Elsewhere in this blog we introduce the concept of statistical significance by considering the reliability of a single sampled observation of a Binomial proportion: an estimate of the probability of selecting an item in the future. This allows us to develop an understanding of the likely distribution of what the true value of that probability in the population might be. In short, were we to make future observations of that item, we could expect that each sampled probability would be found within a particular range – a confidence interval – a fixed proportion of times, such as 1 in 20 or 1 in 100. This ‘fixed proportion’ is termed the error level because we predict that the true value will be outside the range 1 in 20 or 1 in 100 times.

This process of inferring about future observations is termed ‘inferential statistics’. Our approach is to build our understanding in a series of stages based on confidence intervals about the single proportion.

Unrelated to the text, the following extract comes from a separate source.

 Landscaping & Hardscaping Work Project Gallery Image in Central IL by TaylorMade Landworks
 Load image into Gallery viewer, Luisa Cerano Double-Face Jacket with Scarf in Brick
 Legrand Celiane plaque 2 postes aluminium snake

Here we will approach the same question by deconstructing the chi-square test.

A core idea of statistical inference is this: randomness is a fact of life. If you sample the same phenomenon multiple times, drawing on different data each time, it is unlikely that the observation will be identical, or – to put it in terms of an observed sample – it is unlikely that the mean value of the observation will be the same. But you are more likely than not to find the new mean near the original mean, and the larger the size of your sample, the more reliable your estimate will be. This, in essence, is the Central Limit Theorem.

This principle applies to the central tendency of data, usually the arithmetic mean, but occasionally a median. It does not concern outliers: extreme but rare events (which, by the way, you should include, and not delete, from your data).

We are mainly concerned with Binomial or Multinomial proportions, i.e. the fraction of cases sampled which have a particular property. A Binomial proportion is a statement about the sample, a simple fraction *p* = *f* / *n*. But it is also the sample mean probability of selecting a value. Suppose we selected a random case from the sample. In the absence of any other knowledge about that case, the average chance that *X* = *x*₁ is also *p*.

The same principle applies to the mean of Real or Integer values, for which one might use Welch’s or Student’s *t* test, and the median rank of Ordinal data, for which a Mann-Whitney *U* test may be appropriate.

With this in mind, we can form an understanding of significance, or to be precise, significant difference. The ‘difference’ referred to here is the difference between an uncertain observed value and a predicted or known population value, *d* = *p* – *P*, or the difference between two uncertain observed values, *d* = *p*₂ – *p*₁. The first of these differences is found in a single-sample *z* test, the second in a two-sample *z* test. See Wallis (2013b).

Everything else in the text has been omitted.